Dans les prochaines décennies, d’autres guerres israélo-arabes suivent, dont notamment la troisième guerre, ou « Guerre de Six Jours » du 5 au 10 juin 1967, au cours de laquelle Israël occupe le Golan, Jérusalem-Est, la Cisjordanie, Gaza et le Sinaï. Alors qu’Israël retourne le Sinaï à l’Égypte en 1982 (suite au contrat de paix entre les deux pays), et se retire du Gaza en 2005, le pays continue d’occuper les autres territoires énumérés à ce jour. 

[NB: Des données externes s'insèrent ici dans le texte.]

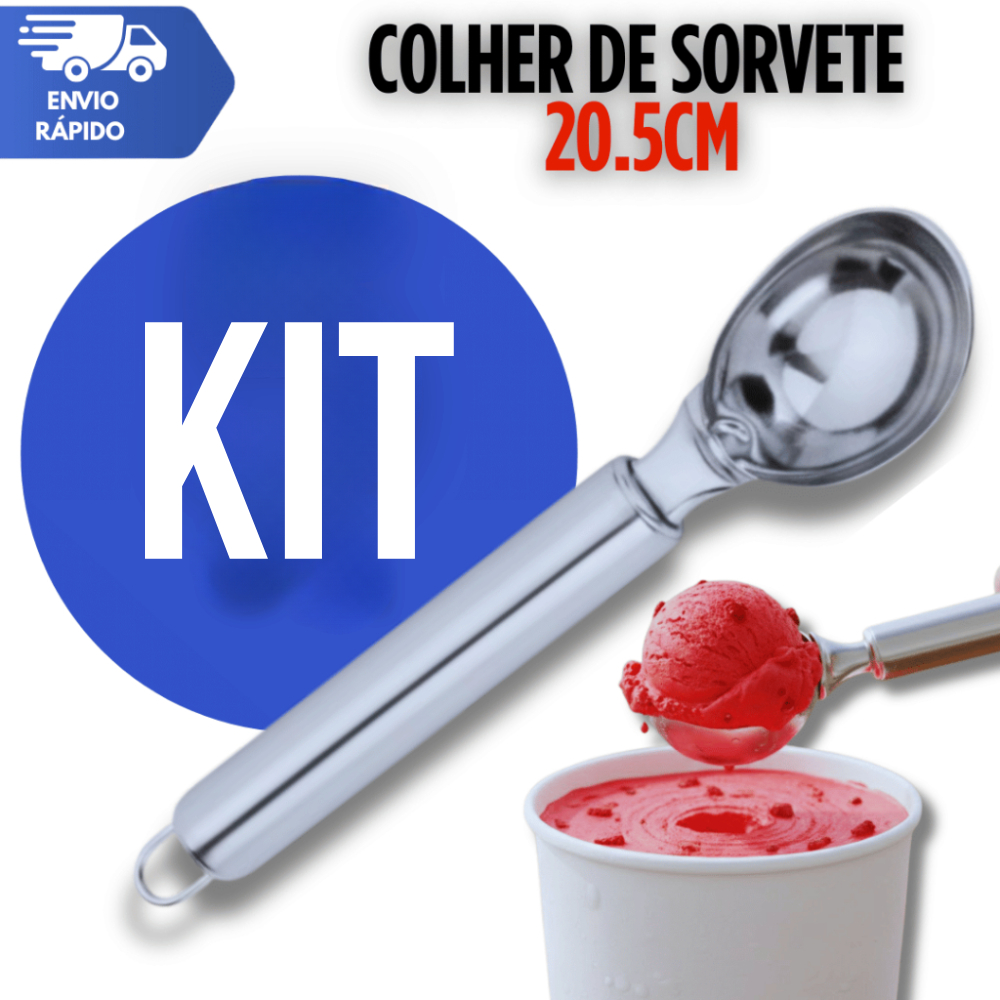 Colher Pegador de Sorvete e Açaí em Aço Inox 20,5cm Reforçada e Resistente Premium Utilidades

Alors qu’Israël continue de connaitre nombreuses condamnations par les Nations Unis en relation à son occupation militaire et respect insuffisant des droits de l’homme des palestinien.ne.s, un statut spécial revient à la résolution 242 du Conseil de sécurité des Nations Unies. Votée le 22 novembre 1967 (et réaffirmée de force par la résolution 338 du 22 octobre 1973), cette résolution réclame une fin de l’occupation des territoires palestiniens, définie sur base des frontières d’avant la guerre de six jours, ainsi qu’une reconnaissance mutuelle de deux états indépendants et un règlement juste concernant le retour des réfugié.e.s palestinien.ne.s. Cette résolution sera à la base des négociations de paix avec l’Égypte (1979) et la Jordanie (1994), ainsi que des Accords d’Oslo I (1993), Oslo II (1995) ­­­– qui donneront une certaine autonomie aux territoires occupés–avec la PLO de Yassir Arafat, et la Roadmap for Peace publiée en 2002. Elle définira la fameuse « ligne verte », tracé en encre verte pour démarquer sur des cartes la ligne d’armistice de 1949, plus connue comme « frontière de 1967 », qui servira de base pour toutes les propositions revendiquant la création de deux états jusqu’au Deal of the Century de Donald Trump.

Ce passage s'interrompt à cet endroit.